2) Aggression. The worst incarnation of this I ever saw was a man slashing another man's throat with a broken glass bottle. It was not nice. Not nice at all. Another incident resulted in me with two black eyes and a nose streaming with blood after catching an elbow in the face. Most "fights" involve a bit of pushing and shoving, maybe a thrown punch, lots of posturing and chest puffing out. The key is to get in there while the pre-violence rituals are going on, to stop the situation before it starts. Occasionally, there are incidents where unprovoked violence suddenly leaps up and punches someone in the face. It's not just men, either. Out and out cat fights were (mercifully) rare, but a lot of girls seem to enjoy barging into people, then telling their male friends they were pushed and gleefully watching the consequences. Or starting fights between rival suitors. The majority of incidents remained small scale, but were always uncomfortable. Most had the potential to escalate quickly, too. Full on fighting in the street between groups was utterly, utterly horrible, and luckily rare. But this consequence of alcohol is a pretty serious one. (The bloke who got his throat cut is alive and well, with a nasty scar. But it could have been very different).

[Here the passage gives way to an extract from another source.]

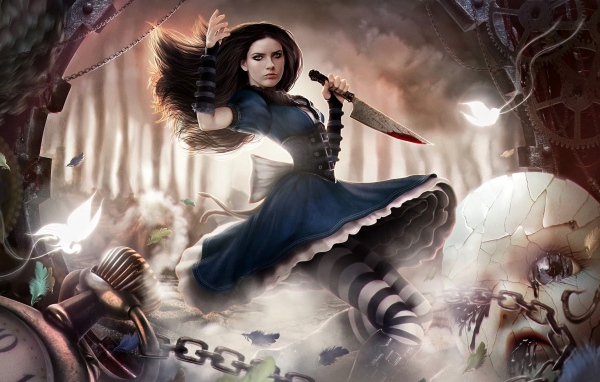 Alice Madness Returns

3) Loss of bodily control. While linked to the two previous effects, I'm not talking about wobbling around or not being able to recite the alphabet backwards here, or about snogging someone you'd never normally fancy or getting mouthy. I'm talking about the girl who passed out in her own vomit on glass, resulting in cuts all over her back and hands, into which her own vomit had seeped. The bloke who was crying as he had no idea who we were and was convinced we were trying to hurt him as we fed him water and tried to find out where he lived so we could get him home. The many who pissed themselves. The even more who puked- sometimes on other people, often on me and my colleagues.

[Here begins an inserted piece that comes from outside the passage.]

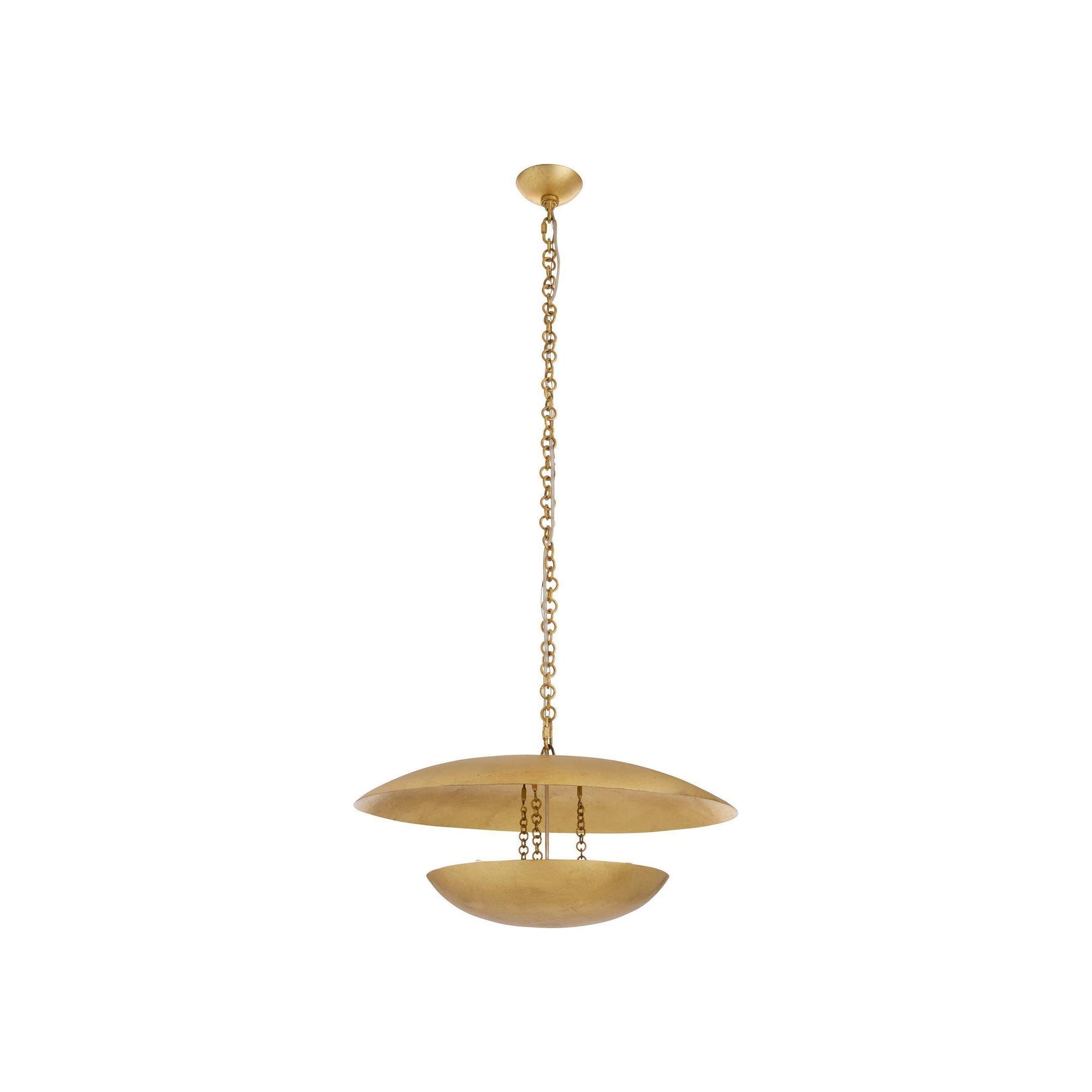 Florko Chandelier in Detail.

These were the effects of pots without any built in controls. The people who were using the pots I study had very different concerns. Can you imagine the extreme examples described above at a formal banquet in someone's home, in front of family and friends? Or at a large, public social event? Maybe social controls and environment would prevent the worst excesses, but seeing people pissed at wedding receptions and house parties makes me suspect not. But, just in case, pots so difficult to drink from that you couldn't just neck your pint and crack on to the next one were, I think, being employed. Look at the shape of this kylix. You need to be able to balance the bowl, negotiate the unwieldy stem, control the flow of liquid over the large rim, and deal with those handles. In my PhD research, I developed a scoring system for vessels like this, using handle shape, rim circumference/height ratio, rim circumference/human hand length ratio and volume. Vessels with a high volume (I'm talking an average of around 3l, which is about two modern wine bottles worth of booze), ususally imported from Greece to Etruria, always had high "skill scores." They needed knowledge to drink from them successfully, and they wouldn't allow you to consume their contents too quickly.

Image from imagehive

I don't know if I'd have noticed that, or even thought about it, without those years cleaning up puke and broken glass. So, thank you, pissed students. Except you, girl who threw up spaghetti puttanesca with tuna chunks in my hair.